Quelle est notre marge de manœuvre aujourd’hui ? L’opinion éclairée parviendra-t-elle à peser dans la balance afin de faire entendre la nécessité de restaurer une éthique du soin, radicalement mise à mal par cette protocolisation de plus en plus kafkaïenne du soin ?
[*] Centre médico-psychologique.
[1] Sorman J., À la Folie, Paris, Flammarion, 2021, p. 65.
[2] Bonnaud H., L’inconscient de l’enfant, Paris, Navarin, 2013, p. 20.
[3] PCO : Plateforme de Coordination et d’Orientation
[4] Cottes J.-F., « Accueillir le symptôme de l’enfant. Trois questions au directeur du CERA », La Cause de l’Autisme, disponible en ligne.
[5] Le secret médical est un droit absolu pour les patients : « modalité indispensable d’expression du respect de la personne, il garantit l’instauration d’une relation de confiance avec le patient et ses parents, dont l’implication est toujours recherchée » in : projet de service du CMPP 2005.
[6] Georges N., « Lettre à mes collègues psychologues au sujet du lancement de MonPsySanté » , 22 février 2022, disponible sur le site de l’Association des psychologues freudiens.

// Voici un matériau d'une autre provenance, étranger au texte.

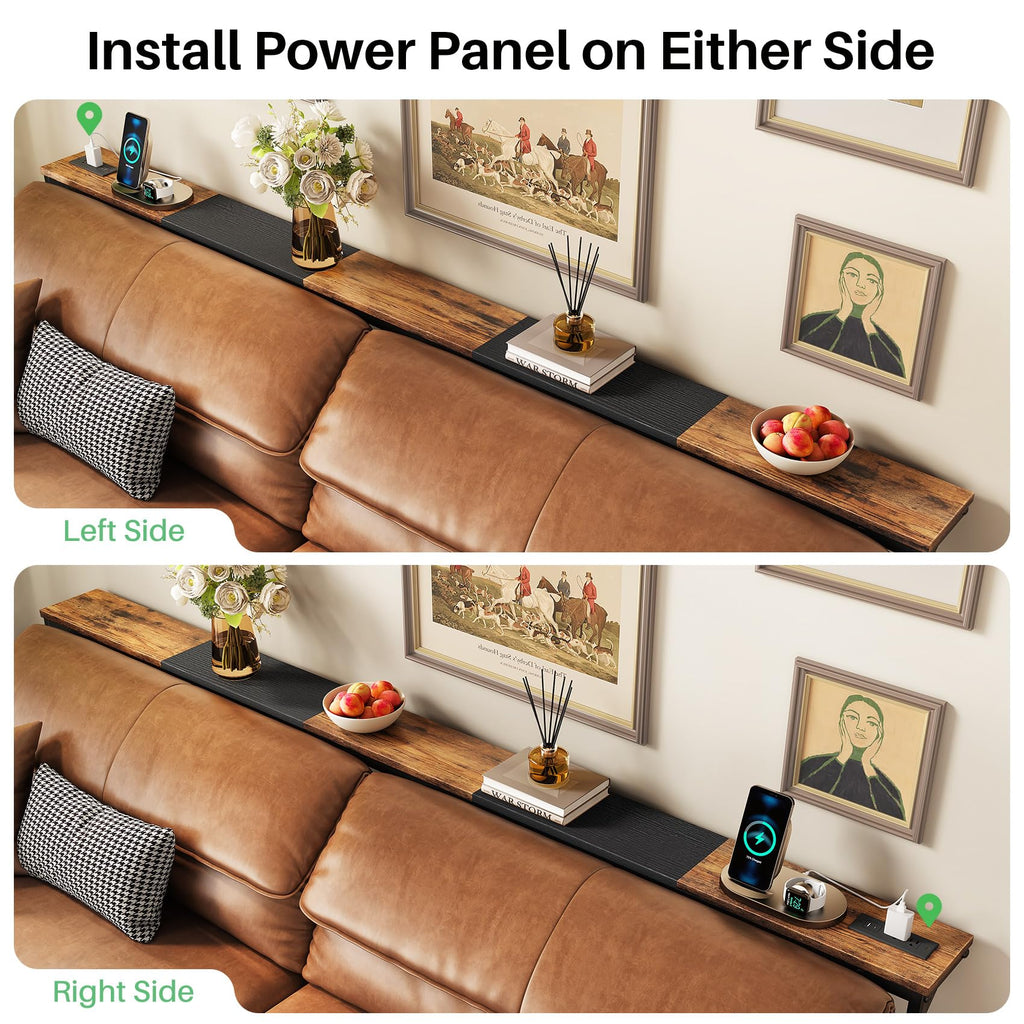 Narrow Console Table with Power Outlet S386
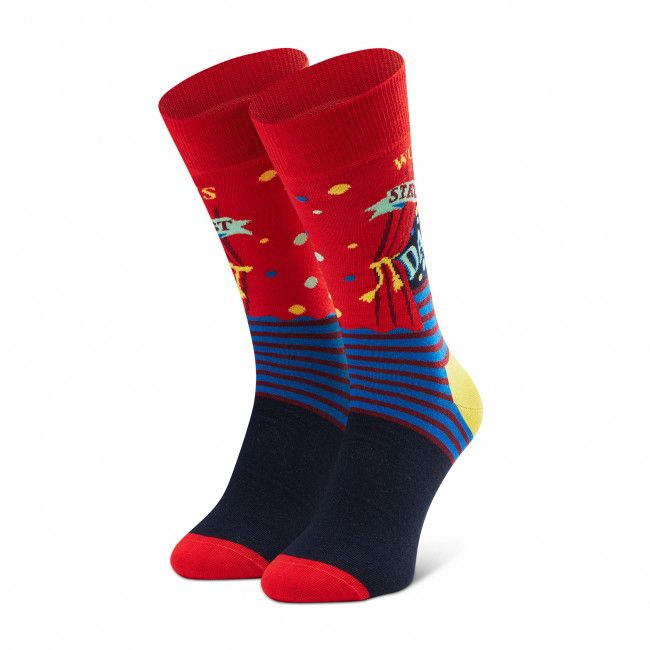 Calzini lunghi unisex HAPPY SOCKS - WSD01-4300 Multicolore Rosso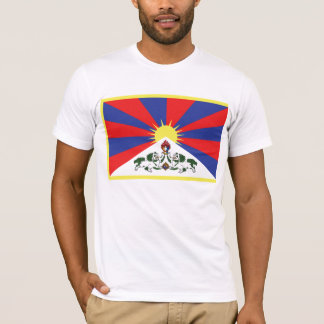 Camiseta tibetana de la bandera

[7] Sokolowski L., « Totalitarisme et psychanalyse : Petit voyage au pays de l’Allemagne nazie », Lacan Quotidien n°615, 7 décembre 2016, disponible en ligne.
[8] Cf. Lacan J., Autres écrits, Paris, Seuil, 2001, p. 120.
[9] Dupont L., « Cancel culture, la vérité et le Un, Chronique du Malaise », L’Hebdo-blog n° 270, 15 mai 2022.